## Source information

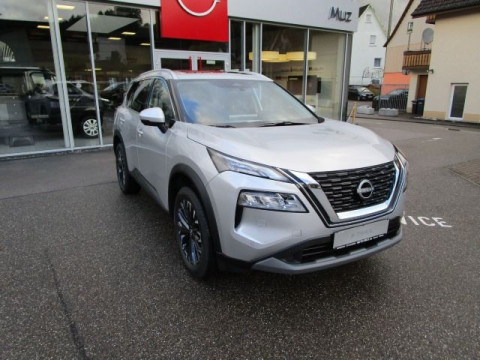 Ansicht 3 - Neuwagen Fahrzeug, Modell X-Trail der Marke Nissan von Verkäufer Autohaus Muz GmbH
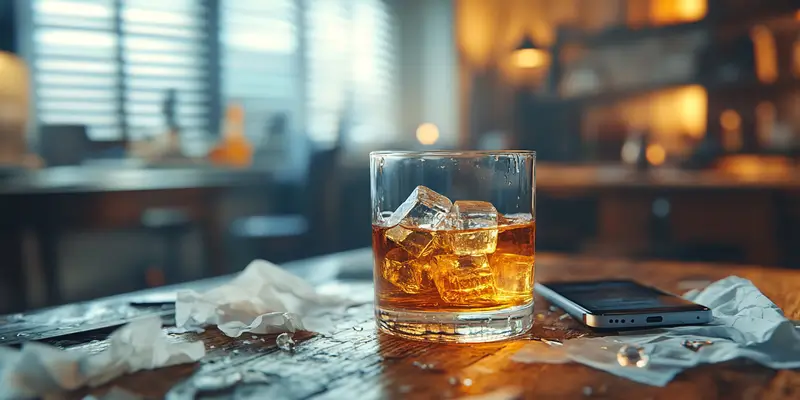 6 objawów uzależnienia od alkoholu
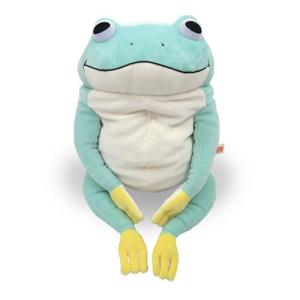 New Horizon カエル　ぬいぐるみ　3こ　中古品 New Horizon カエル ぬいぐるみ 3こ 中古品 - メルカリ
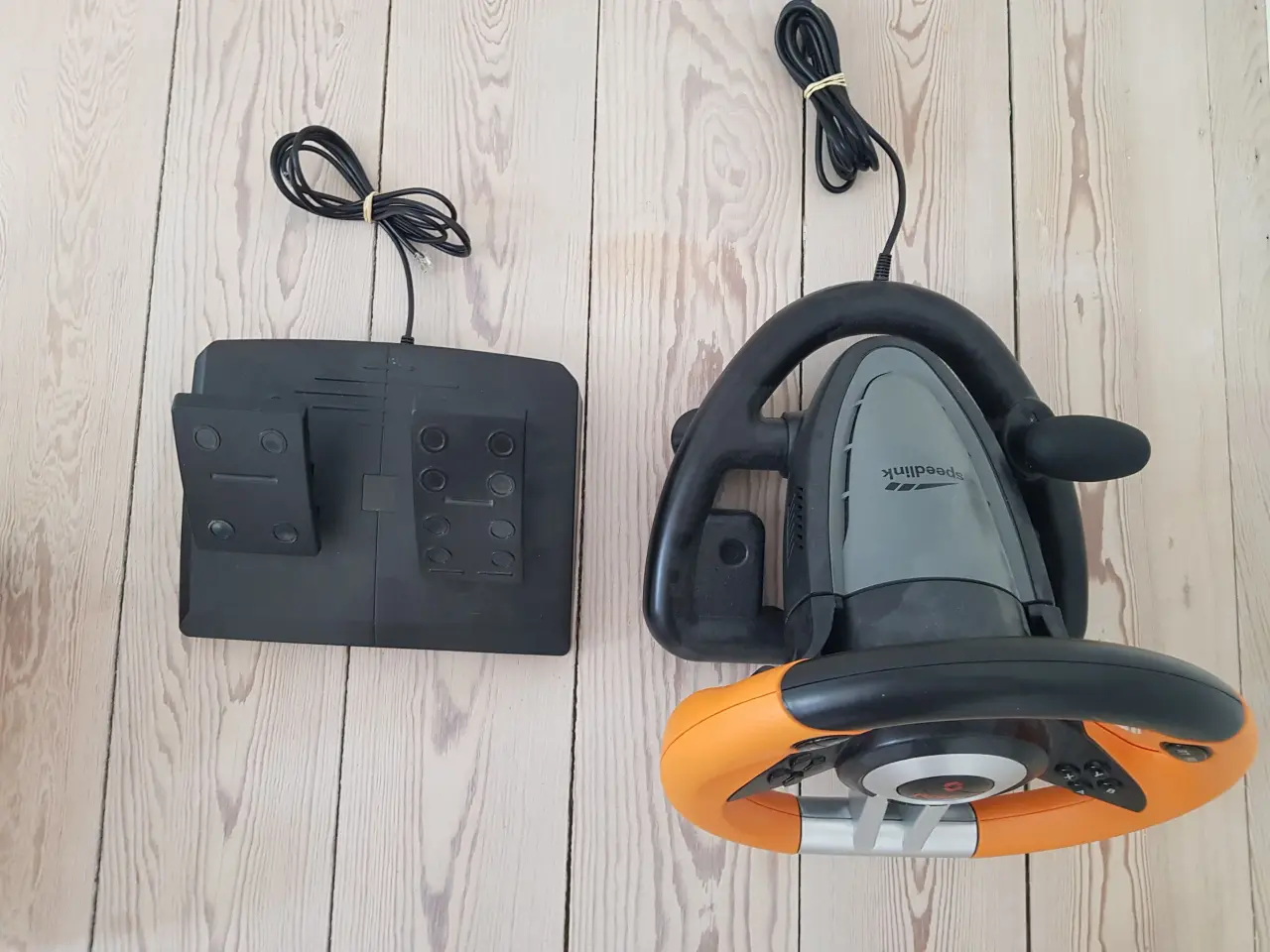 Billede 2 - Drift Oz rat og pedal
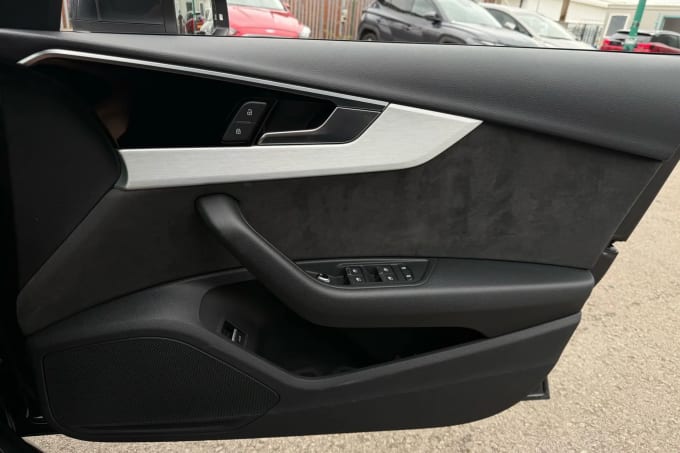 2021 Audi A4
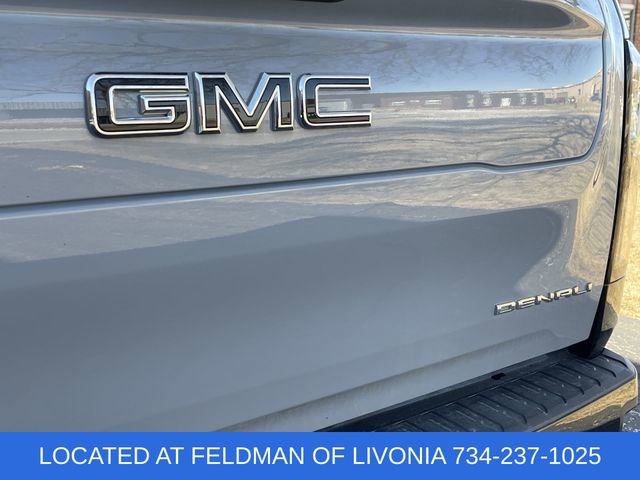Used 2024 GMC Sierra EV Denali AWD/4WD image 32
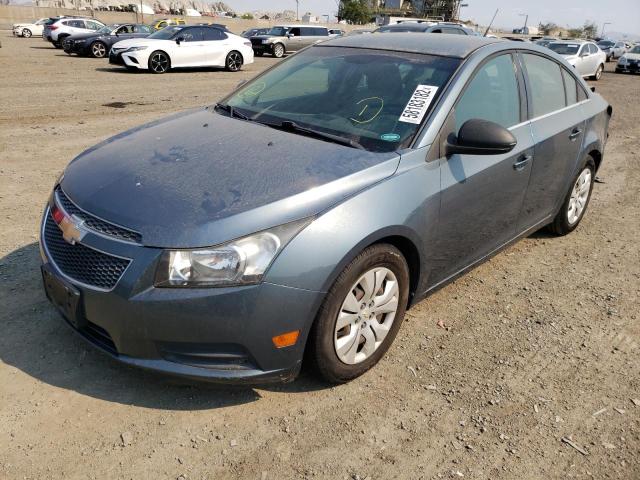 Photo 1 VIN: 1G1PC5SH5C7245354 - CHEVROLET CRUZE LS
---
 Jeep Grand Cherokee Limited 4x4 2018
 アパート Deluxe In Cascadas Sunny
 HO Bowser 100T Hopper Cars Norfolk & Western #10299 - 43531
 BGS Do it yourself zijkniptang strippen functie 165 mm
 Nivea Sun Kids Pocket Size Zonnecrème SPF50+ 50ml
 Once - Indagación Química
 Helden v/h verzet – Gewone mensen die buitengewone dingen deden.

## Work to complete
After locating the line with "Nivea Sun Kids" above, return that line and every later line through the one with "Helden v/h verzet", word for word and with nothing else.

## Result below
 Nivea Sun Kids Pocket Size Zonnecrème SPF50+ 50ml
 Once - Indagación Química
 Helden v/h verzet – Gewone mensen die buitengewone dingen deden.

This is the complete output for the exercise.